Il cantante è sulla falsa riga di quello dei Nifelheim, con uno stile aggressivo e composto al contempo; Adam Zaars (secondo chitarrista), sorride malignamente agli obiettivi dei fotografi mentre varia i ritmi di “Suspiria de Profundis”.
Ultimi volteggi per Jonathan, talmente veloci da chiedersi come fa a non impigliarsi tra le maglie sfrangiate dei pizzi che lo avvolgono. Salta sulle griglie del palco, compiendo vere e proprie “invasioni di campo”, facendo quasi sbattere il suo strumento contro le telecamere ed i telefonini puntati su di lui.

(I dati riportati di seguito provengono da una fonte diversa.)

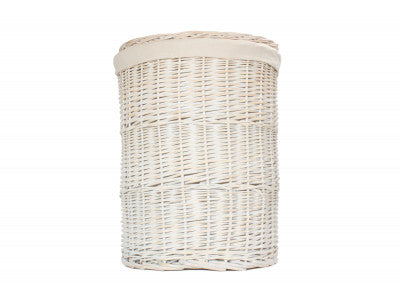 Basket, LARGE ROUND WHITE WASH LAUNDRY HAMPER with WHITE LINING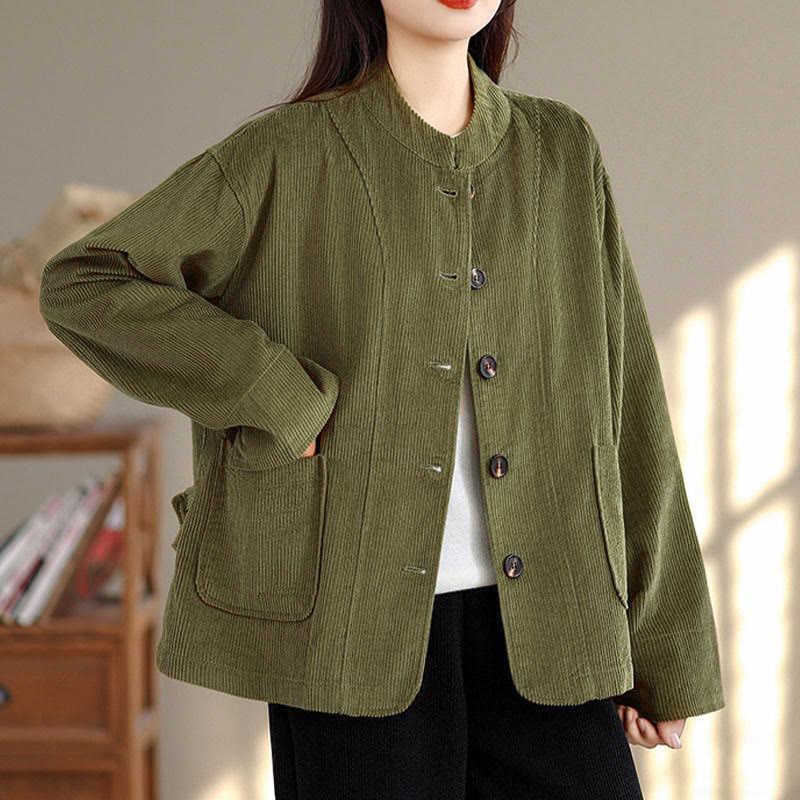 Nimara Ritual Buttons Design Corduroy Long Sleeve Women's Jacket With Pockets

In definitiva, sono loro la vera “rivelazione” della serata. Il pubblico è in visibilio.
“Lacrimosa” conclude in bellezza la loro esibizione, facendo disperdere la massa al suono conclusivo di un melanconico pianoforte.

TRIBULATION

E poi c’è lui. Il re. Uno tra i commenti più belli del web l’ha definito “il Freddie Mercury del Black Metal”, già che siamo in periodo di Oscar: Gaahl. Con i Gaahls Wyrd, ovviamente.
L’uomo non ha bisogno di presentazioni. Tutti ce lo ricordiamo con in mano il bicchiere di vino e la voce piatta nel dire una sola parola: “Satan”. Chi non se l’è fatta una risata?
Se lo ricordano bene anche gli austriaci, che lo accolgono con urla di… gioia!
Parte come (quasi) sempre con “Steg”, marchio di fabbrica – in verità cover dei suoi stessi Trelldom. Dei Trelldom anche “Til minne”, che precede l’esplosione vera e propria: la tanto attesa “Ghosts Invited“, fresca di realizzazione.
Gaahl sembra quasi scioccato all’udire metà del pubblico cantare i primi versi. Il pezzo ha più successo persino dei tradizionali “Aldrande Tre” e “Carving a Giant”.
Poco dopo, ecco arrivare il secondo problema tecnico. Al chitarrista partono delle corde, corre per ricevere il secondo strumento e… non c’è. Per sette – otto minuti Gaahl si ferma, guardando nel vuoto, vagamente stizzito.
Ma si giunge con vigore a “Prosperity and Beauty”, soddisfacendo tutti.

Eh, la classe non è acqua. Al massimo vino.